We all remember the scene when the Berlin Wall was finally torn down, marking a historic moment in the twentieth century when time stood still and we all could recall the tiniest detail of where we were and what we were doing. Another date that encapsulates the same recollection is 9/11, where we felt surrealism at its most perverse when we witnessed smoking towers tumble, turning into ashes. Thursday January 24th, 2008, is set to be another landmark on the calender and with good reason. Nothing is a more gripping image than a massive wall being broken down, and earlier this morning (or late last night my time) in Rafah, the barrier was blown up with a few blasts, enabling Gazans the freedom that they have been aching for since June. Here's coverage of the extraordinary incident by Al-Jazeera English:
Only two days ago I wrote about the embarrassing situation that has the international community blaming the Palestinians about the latest Israeli decision to put Gaza in a complete blackout. Amongst the agony of Gazans who have been subject to total closures and at times, the perfect laboratory to try out new weapons, we have the EU, Israel and now even a Presidential candidate bending over backward to appease Israel and its feared supporters. As the images of Palestinians having a brief taste of freedom, Barack Obama is showing just what kind of steel he is made of by declaring to Ambassador Khalilzad that Israel had no option but to hermetically seal Gaza. The letter is making its rounds in the blogosphere, querying as to what Obama can accomplish with such a cowardly line. The answer: votes.
The joyous scenes is following closely with Martin Luther King Day, evoking his much cited "I Have a Dream" speech in where he bellows that "We are free at last." Yes, Palestinians finally have broken the prison that has caged them in since Hamas took control of the Strip.
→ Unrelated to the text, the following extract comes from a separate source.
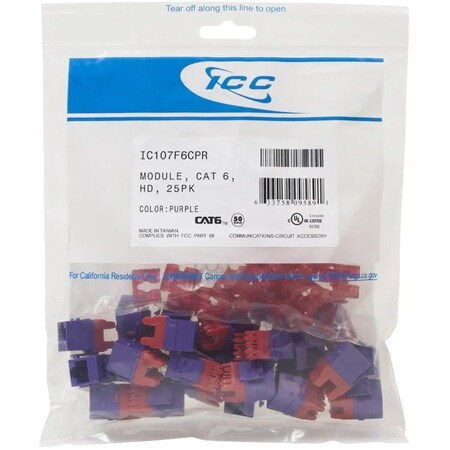 Icc MODULE, CAT 6, HD, 25PK, PURPLE IC107F6CPR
Streams of thousands piled into Egyptian Rafah, and stocked up on what they could get their hands on; cheese, concrete, iron, oil. diesel, cigarettes, foam mattresses, cleaning materials, flour, glass plates, mats, blankets; nothing was too scarce for these Gazans. Rafah had not seen anything like it before, as people came in droves, as well as donkey and carts, in order to taste some form of autonomy. Hosni Mubarak stated that they were "hungry" as he ordered his troops to help Gazans load up on supplies and usher them back to the crossing. That piece of altruism is shocking considering Egypt has done plenty to allocate the suffering of Gazans on Hamas, as well as collaborate with the occupier that this is the best thing to do for their security. Cairo has been seeing protests about their role in the closure for months, and it seems that with the prisonbreak, it would have been too embarrassing in front of a live connected media to deny these Palestinians some sort of relief. Mubarak has problems already; a confrontation with ordinary Palestinians just days after human rights organisations expressing deep concern over their plight would have been a wedge in his presidency.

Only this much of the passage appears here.